The 2013 Ford Edge is a car that’s easy to fall in love with. In preparing to write this article, I did all my background research – compiling a list of all the optional and standard features, the different models, planning a route that would let me test drive city, highway and suburban driving – but there’s just something visceral about sitting in an Edge for the first time.
The first thing that struck me was how the interior design conspired to create a sense of tranquility, an oasis that could travel with me down the road. From the heated leather seats to the clean, smooth lines of the center console, inspired by Frank Lloyd Wright’s Falling Water – to the way the engine quietly purred when I turned the key.

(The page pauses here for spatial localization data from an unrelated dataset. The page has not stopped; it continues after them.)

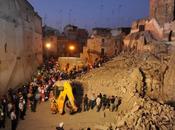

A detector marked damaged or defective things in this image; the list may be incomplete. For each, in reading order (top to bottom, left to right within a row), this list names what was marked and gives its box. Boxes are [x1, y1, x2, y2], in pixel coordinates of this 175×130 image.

damaged building facade [0, 0, 42, 94]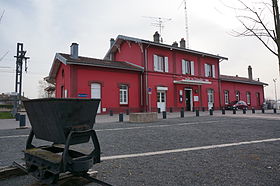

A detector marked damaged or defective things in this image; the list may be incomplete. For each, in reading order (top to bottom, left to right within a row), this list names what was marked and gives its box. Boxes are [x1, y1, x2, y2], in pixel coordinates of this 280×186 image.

rusty metal cart [19, 99, 108, 185]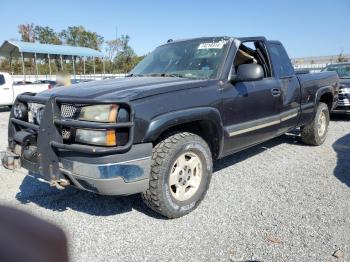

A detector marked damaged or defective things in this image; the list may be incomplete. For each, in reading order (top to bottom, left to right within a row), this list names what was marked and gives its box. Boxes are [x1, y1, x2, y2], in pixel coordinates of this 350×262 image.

damaged front bumper [1, 93, 152, 195]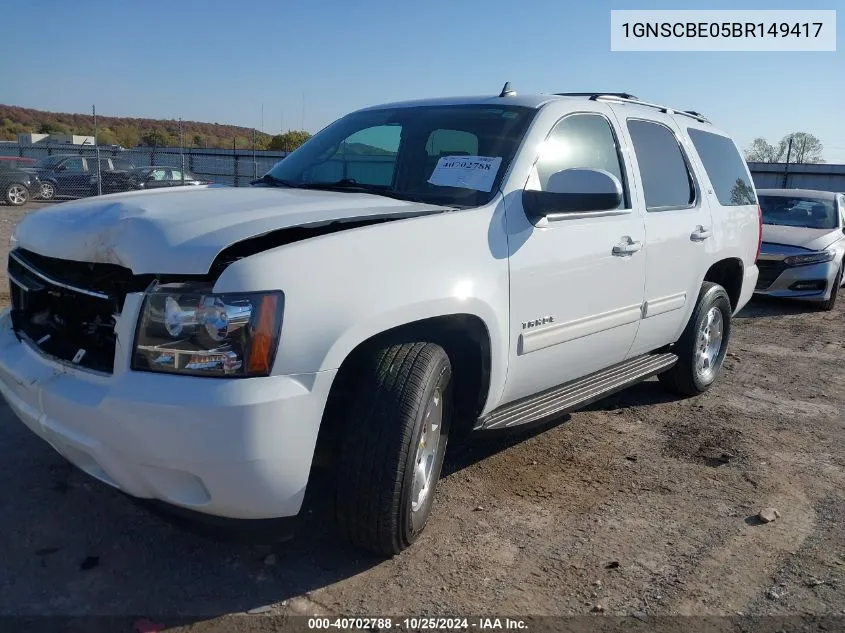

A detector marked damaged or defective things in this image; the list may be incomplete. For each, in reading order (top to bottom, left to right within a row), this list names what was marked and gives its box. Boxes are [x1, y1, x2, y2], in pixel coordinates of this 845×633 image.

crumpled hood [13, 183, 448, 272]
crumpled hood [760, 223, 840, 251]
missing headlight area [6, 248, 137, 376]
damaged front end [7, 248, 149, 376]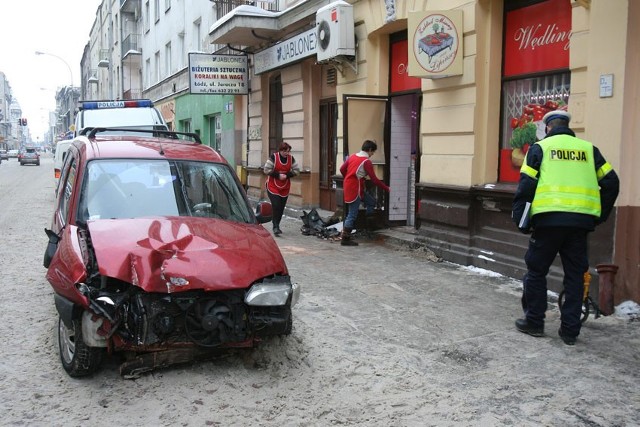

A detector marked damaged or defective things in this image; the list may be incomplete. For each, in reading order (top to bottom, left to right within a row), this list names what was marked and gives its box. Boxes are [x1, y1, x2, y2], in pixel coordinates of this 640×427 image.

damaged red car [45, 128, 300, 378]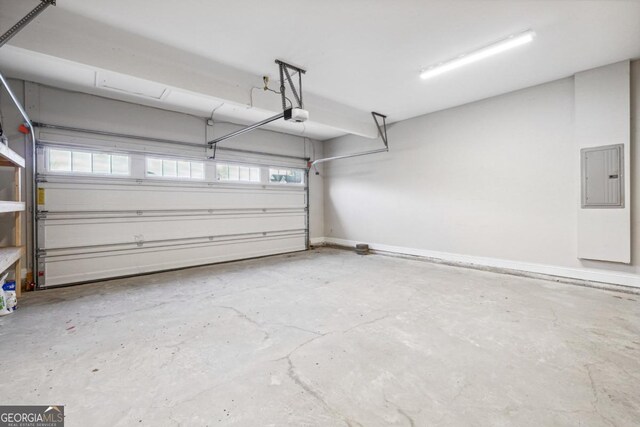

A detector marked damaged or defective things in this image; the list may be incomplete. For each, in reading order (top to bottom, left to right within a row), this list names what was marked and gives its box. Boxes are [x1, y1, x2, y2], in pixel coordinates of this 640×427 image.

cracked concrete floor [1, 249, 640, 426]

Ford has really done its homework in making the driving experience of all of its models top-notch, and the 2013 Edge is no exception. The pedals were neither overly sensitive nor non-responsive; rather, they responded intuitively, knowing when I was asking for high acceleration getting on the highway or coming to a gentle stop at a traffic light. I test-drove two of the three engine options on the Edge: the 2.0L I-4 EcoBoost engine and the 3.5L Ti-VCT V6 (the third being the 3.7L V6, standard on the Edge Sport). I’ve got to say, under normal driving conditions, I really couldn’t feel any huge difference. The Turbocharger in the EcoBoost engine – the Boost half of EcoBoost – really does its job, providing that get-up-and-go that you need when passing at high speeds or during aggressive acceleration. That being said, the 3.5L V6 engine, even when I tried pushing it, didn’t seem fazed by my demands. I was up to 70 miles per hour before I knew it, and I could see that it still had much more to offer. At the end of the day, though, if you are going to be using an Edge primarily for your commute, shuttling kids back and forth to soccer practice, etc., then you won’t be able to tell much of a difference between a 2.0L EcoBoost and the 3.5L V6, except in how much less gas you burn – the Eco half of EcoBoost – and how much heavier your wallet feels.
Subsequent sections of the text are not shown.